La consommation de crédits n'est toutefois que de 41,8 milliards d'euros, y compris 0,9 milliard d'euros de fonds de concours, tandis que 28,8 milliards d'euros non consommés ont été reportés à 2021.

Créée au cours de l'année 2020 dans le cadre de la première loi de finances rectificative, la mission « Plan d'urgence face à la crise sanitaires » constitue ainsi, en exécution et hors mission « Remboursements et dégrèvements », la troisième mission du budget général, derrière les missions « Enseignement scolaire » (74,0 milliards d'euros consommés) et « Défense » (50,9 milliards d'euros).

Le rapporteur général précise plus en détail l'utilisation de ces crédits dans son rapport spécial sur la mission « Plan d'urgence face à la crise sanitaire », annexé au présent rapport général.

Comparaison des crédits exécutés et des crédits prévus
(écarts supérieurs à 50 millions d'euros)

(en milliards d'euros)

Note : Les chiffres correspondent à la différence entre le montant des crédits de paiement exécutés (projet de loi de règlement) et des crédits de paiement prévus en loi de finances initiale, y compris fonds de concours et attributions de produits. Le périmètre est celui du budget général et les missions pour lesquelles l'écart est inférieur à 50 millions d'euros ne sont pas représentées.

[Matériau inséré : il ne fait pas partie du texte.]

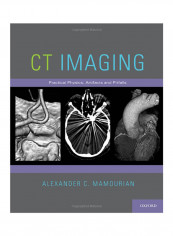 CT Imaging : Practical Physics, Artifacts, And Pitfalls Paperback reviews CT Imaging : Practical Physics, Artifacts, And Pitfalls Paperback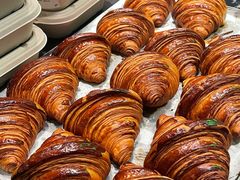 -BUTTERFUL&CREAMOROUS 黄油与面包(万象城店)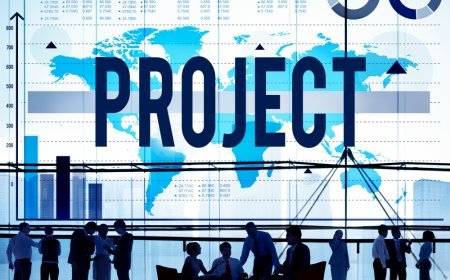 คำสั่ง AI ChatGPT Prompts การสร้างแผนเพิ่มประสิทธิภาพสำหรับอุตสาหกรรมต่าง ๆ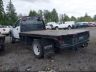 1FDUF5HN2MD****** Salvage and Repairable 2021 Ford F-550 in Seattle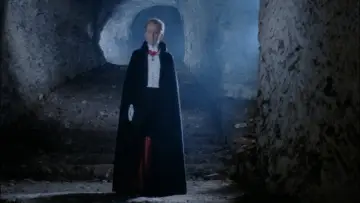 Задник к фильму "La Grande Trouille" #1192156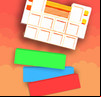 The Royal Puzzle - Solve it!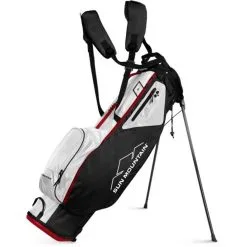 Sun Mountain 2.5 + Stand Bag 2022 Clearance -Brands Shop Sun Mountain 2.5 4 Way Stand Bag BWR 47501.1667241277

Source : commission des finances, à partir des documents budgétaires

Parmi les autres missions, les principaux écarts par rapport à la loi de finances initiale, hors crédits évaluatifs, concernent les missions :

- « Solidarité, insertion et égalité des chances », en raison des importantes dépenses d'urgence (aide exceptionnelle de solidarité, aide alimentaire, allocation adulte handicapés, garantie de ressources des travailleurs handicapés) ;

- « Cohésion des territoires », principalement à cause du nouveau report du versement contemporain des aides au logement et de l'ouverture de nombreuses places d'hébergement ;

- « Écologie, développement et mobilité durables », en raison notamment des dépenses relatives à l'aide aux véhicules propres, à la compensation de pertes de recettes de l'Agence de financement des infrastructures de transport de France (AFITF) et à la rénovation énergétique des logements (MaPrimeRénov').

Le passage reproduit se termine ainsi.